It’s a fair comparison predicated on how two classes of Mac users consume Mac products.
It drives home why there’s an active EIM forum at all — with many regulars running Monterey, Ventura, and Sonoma on their Early Intel Macs (and who report doing their everyday work quite well).
Regulars also recognize how efficiency, over time,
when being realistic (that is: a real, lifetime analysis of factoring resource extraction, labour, milling, assembly, packaging, transport, merchandising, and having the hecking thing shipped home or to work, in addition to lifetime energy use), means a robustly built unit with the ability to replace and upgrade parts (in a post-Moore world) occupies a far smaller carbon footprint over time, whereas benefits to “buying new” every 2–4yrs isn’t the great leap forward it may have been some 20 or 30 years ago.

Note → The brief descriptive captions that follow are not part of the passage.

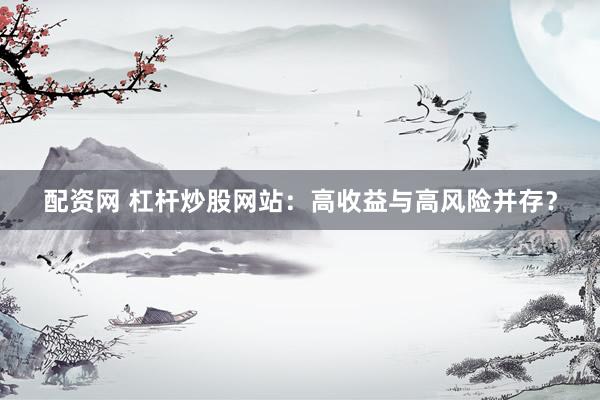 配资网 杠杆炒股网站：高收益与高风险并存？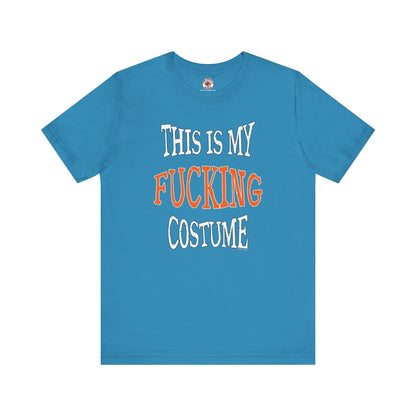 This Is My Fucking Costume T-Shirt The Devil's Pickle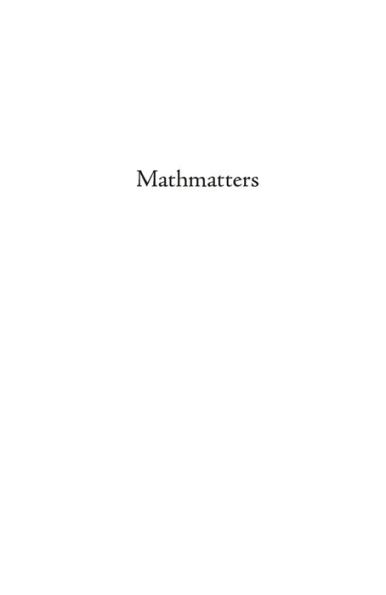 Mathmatters: The Hidden Calculations of Everyday Life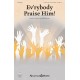 Ev'rybody Praise Him (Unison/ 2 Part)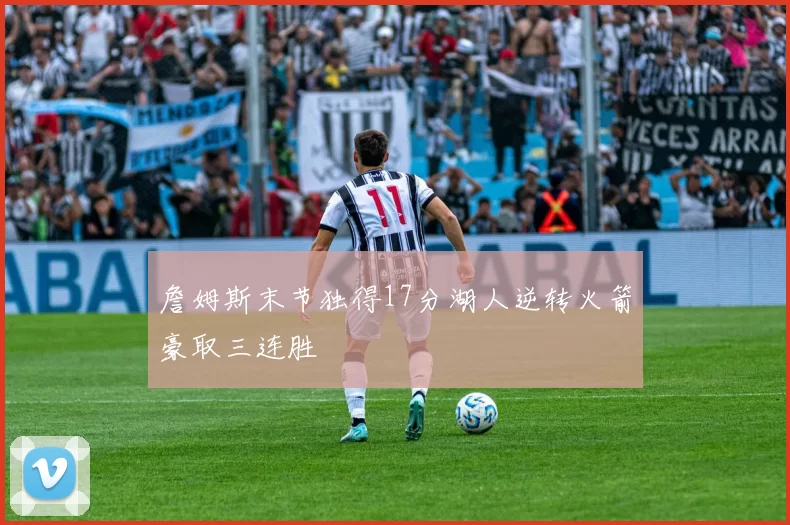 詹姆斯末节独得17分湖人逆转火箭豪取三连胜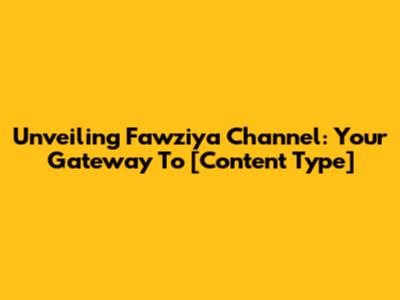 Unveiling Fawziya Channel: Your Gateway To [Content Type]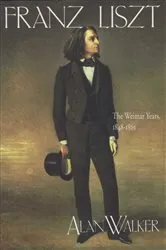 Book cover of Franz Liszt, Volume 2 by Alan Walker
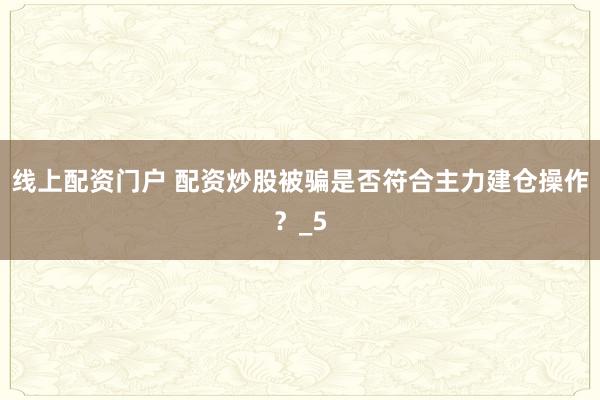 线上配资门户 配资炒股被骗是否符合主力建仓操作？_5
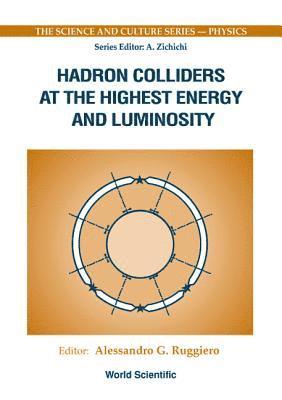 bokomslag Hadron Colliders at the Highest Energy and Luminosity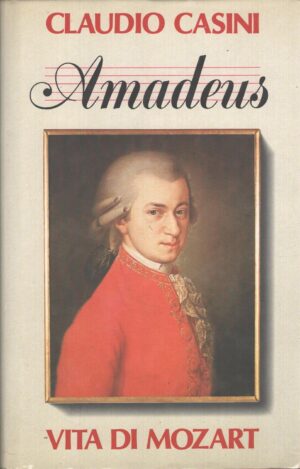 Amadeus vita di Mozart di Casini, Claudio ed. Club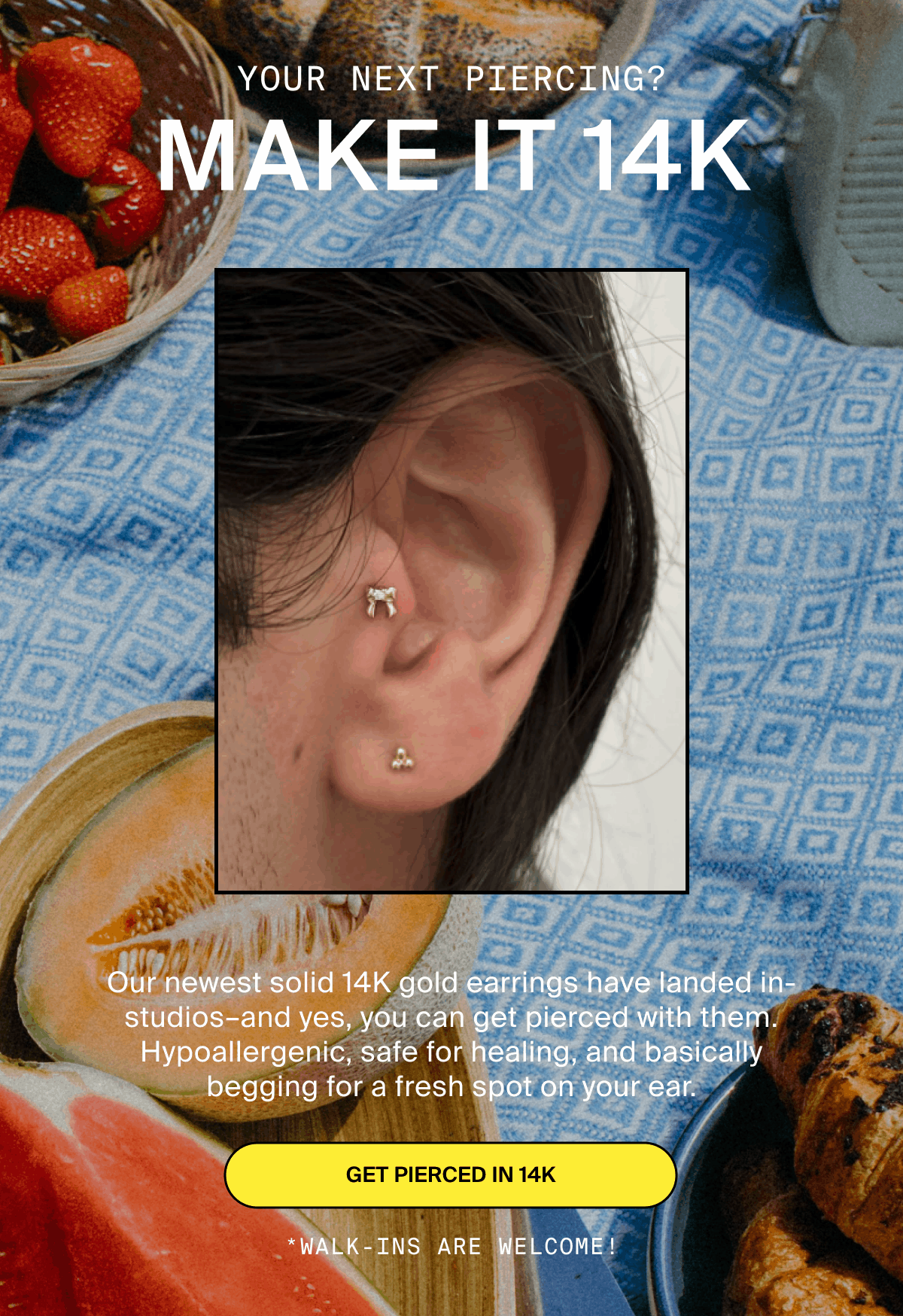 YOUR NEXT PIERCING? MAKE IT 14K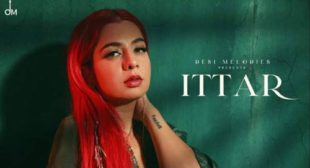 Ittar Lyrics by Jasmine Sandlas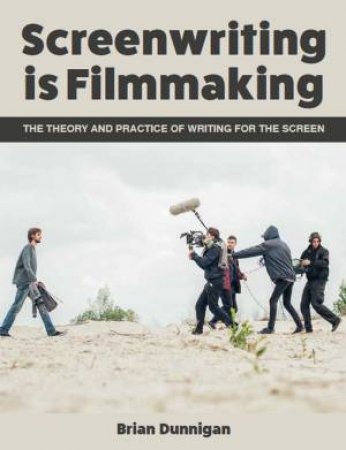 Screenwriting Is Filmmaking by Brian Dunnigan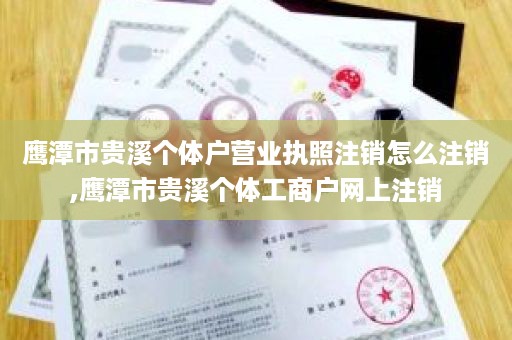 鹰潭市贵溪个体户营业执照注销怎么注销,鹰潭市贵溪个体工商户网上注销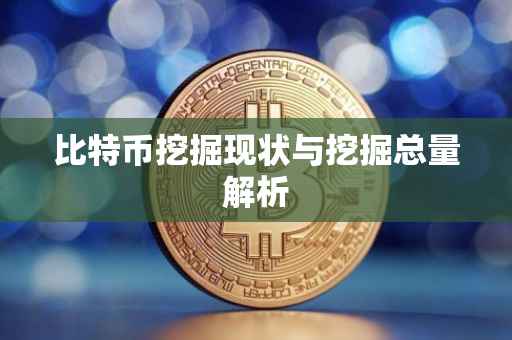 比特币挖掘现状与挖掘总量解析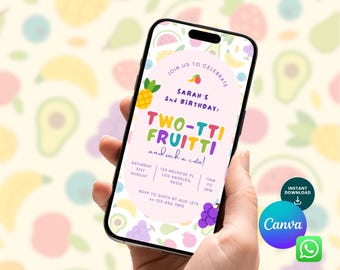2nd Birthday Mobile Invite - Canva Template - Two-tti Fruitti Girl birthday, boy birthday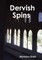 Dervish Spins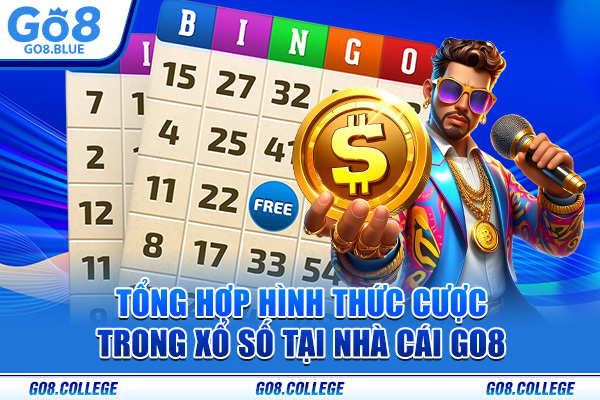 Tổng hợp hình thức cược trong xổ số Go8 tại nhà cái
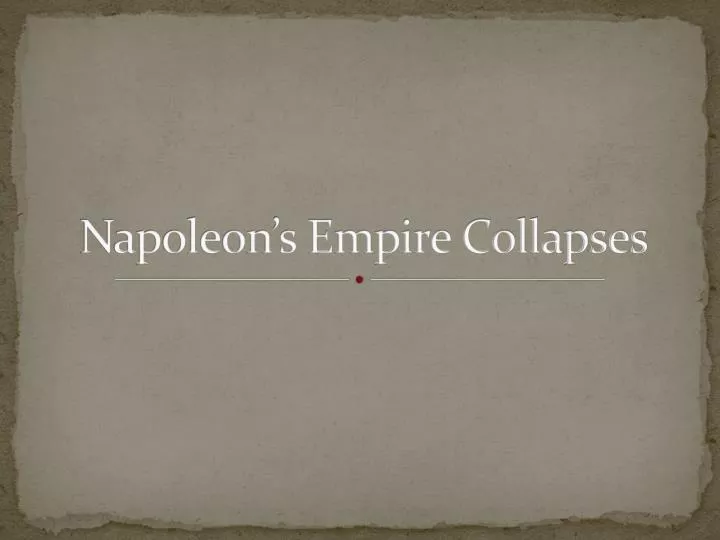 napoleon s empire collapses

Moreover — and this is a crucial consideration — Apple’s own supplied literature describes “recycling” energy consumption as energy consumed in
collecting (and, ostensibly,
re-selling) e-waste to another party. Apple’s literature does not factor raw CO
₂e footprint impact in, the post-Apple part(ies) separating the e-waste and returning those e-waste materials to raw, (re-)useful form — as these carbon costs are, in Apple’s eye, beyond their remit and, thus, beyond the scope of their product lifetime analysis. It’s disingenuous accountability. (Apple only make note of how e-waste gets collected locally, i.e., within nation. That’s it. Slow clap.)
noise annoys said:
Looks like I'm a B S repellent. 😂
I’ll let slide how you’re new around MR forums, so you wouldn’t have a way to know my username is short for
Big Spam Magnet.
nobody knows you're a dog on the internet said:
Good luck saving the planet by running old Intel Macs, which have literally 10× the energy consumption of ARM-based SoCs.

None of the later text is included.